The inscription on the plaques reads: “Dedicated to the memory of those unknown who were enslaved and buried throughout the Archdiocese of Washington.” The top of each plaque has an image of Christ crucified on the cross, and the bottom includes a quotation from Wisdom 3:1: “The souls of the just are in the hand of God, and no torment shall touch them.”

By this spring, the plaques will be placed in the archdiocese’s five major cemeteries: Mount Olivet Cemetery in Washington; St. Mary’s Queen of Peace Cemetery in Helen in St. Mary’s County; Resurrection Cemetery in Clinton in Prince George’s County; and in Gate of Heaven Cemetery in Silver Spring and All Souls Cemetery in Germantown, both in Montgomery County. The archdiocese includes Washington, D.C., and the five surrounding Maryland counties.

The wording for the plaque for Mount Olivet Cemetery is slightly different, noting “…those unknown who were enslaved and who are buried in this cemetery…” Mount Olivet Cemetery, founded in 1858, was racially integrated from its beginning and was one of the first in Washington, D.C., to be integrated.

The Mass opened with the St. Augustine Gospel Choir singing the spiritual, “We’ve Come this Far by Faith.” St. Augustine Parish – the mother church for African-American Catholics in the nation’s capital – was founded in 1858 by free men and women of color, including some who were emancipated from slavery. The gospel choir sang at the 2015 White House welcome to Pope Francis hosted by then-President Barack Obama, the nation’s first African-American president.

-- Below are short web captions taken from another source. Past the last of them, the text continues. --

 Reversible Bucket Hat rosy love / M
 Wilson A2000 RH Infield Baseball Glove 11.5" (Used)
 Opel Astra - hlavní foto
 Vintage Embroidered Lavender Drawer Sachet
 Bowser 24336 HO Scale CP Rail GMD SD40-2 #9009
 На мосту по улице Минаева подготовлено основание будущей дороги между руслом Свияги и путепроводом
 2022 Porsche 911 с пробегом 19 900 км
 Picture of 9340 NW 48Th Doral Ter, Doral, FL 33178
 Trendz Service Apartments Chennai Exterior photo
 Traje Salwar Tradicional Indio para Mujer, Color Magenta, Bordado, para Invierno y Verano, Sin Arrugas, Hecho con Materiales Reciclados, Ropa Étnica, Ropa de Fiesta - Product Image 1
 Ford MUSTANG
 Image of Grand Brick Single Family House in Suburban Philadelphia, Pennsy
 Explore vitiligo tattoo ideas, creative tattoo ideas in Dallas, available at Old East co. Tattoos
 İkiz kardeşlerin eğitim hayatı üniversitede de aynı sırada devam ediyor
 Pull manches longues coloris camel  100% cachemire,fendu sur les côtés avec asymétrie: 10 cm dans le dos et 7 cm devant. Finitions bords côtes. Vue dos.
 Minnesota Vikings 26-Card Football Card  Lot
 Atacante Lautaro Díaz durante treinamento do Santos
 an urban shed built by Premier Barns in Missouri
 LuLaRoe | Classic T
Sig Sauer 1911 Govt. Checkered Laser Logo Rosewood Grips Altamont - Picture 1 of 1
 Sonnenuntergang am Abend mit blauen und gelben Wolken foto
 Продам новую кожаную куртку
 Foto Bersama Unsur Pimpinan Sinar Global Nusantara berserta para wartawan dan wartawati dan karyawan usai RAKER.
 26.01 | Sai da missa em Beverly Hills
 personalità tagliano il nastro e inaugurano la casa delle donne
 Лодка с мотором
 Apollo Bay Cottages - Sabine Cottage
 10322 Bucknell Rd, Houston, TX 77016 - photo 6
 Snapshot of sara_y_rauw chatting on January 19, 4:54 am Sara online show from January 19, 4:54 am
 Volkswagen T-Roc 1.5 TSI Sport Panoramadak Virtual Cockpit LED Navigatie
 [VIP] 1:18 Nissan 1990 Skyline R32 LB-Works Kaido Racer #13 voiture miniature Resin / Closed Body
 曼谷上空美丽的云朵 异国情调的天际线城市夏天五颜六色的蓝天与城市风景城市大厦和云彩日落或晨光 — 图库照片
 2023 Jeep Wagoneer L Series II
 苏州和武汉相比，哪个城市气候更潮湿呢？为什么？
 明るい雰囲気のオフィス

Washington Auxiliary Bishop Roy Campbell Jr., who is African-American, welcomed people to the Mass and said that the enslaved men and women who had once been buried in unknown, forgotten graves “will now be honored in death, with the Christian and human dignity that they were not afforded during their lifetimes.”

The bishop said the Mass would honor “those who labored in obscurity and died in unjust servitude,” and he expressed gratitude toward those who had come to the liturgy “for being a part of our recognition of the past, and being a part of our commitment to the healing and recognition of the human dignity of all of God’s children, today and all of our tomorrows.”

About 600 people attended the Mass. Cardinal Wuerl was the main celebrant, joined by Bishop Campbell and by Washington Auxiliary Bishop Mario Dorsonville and by six priests.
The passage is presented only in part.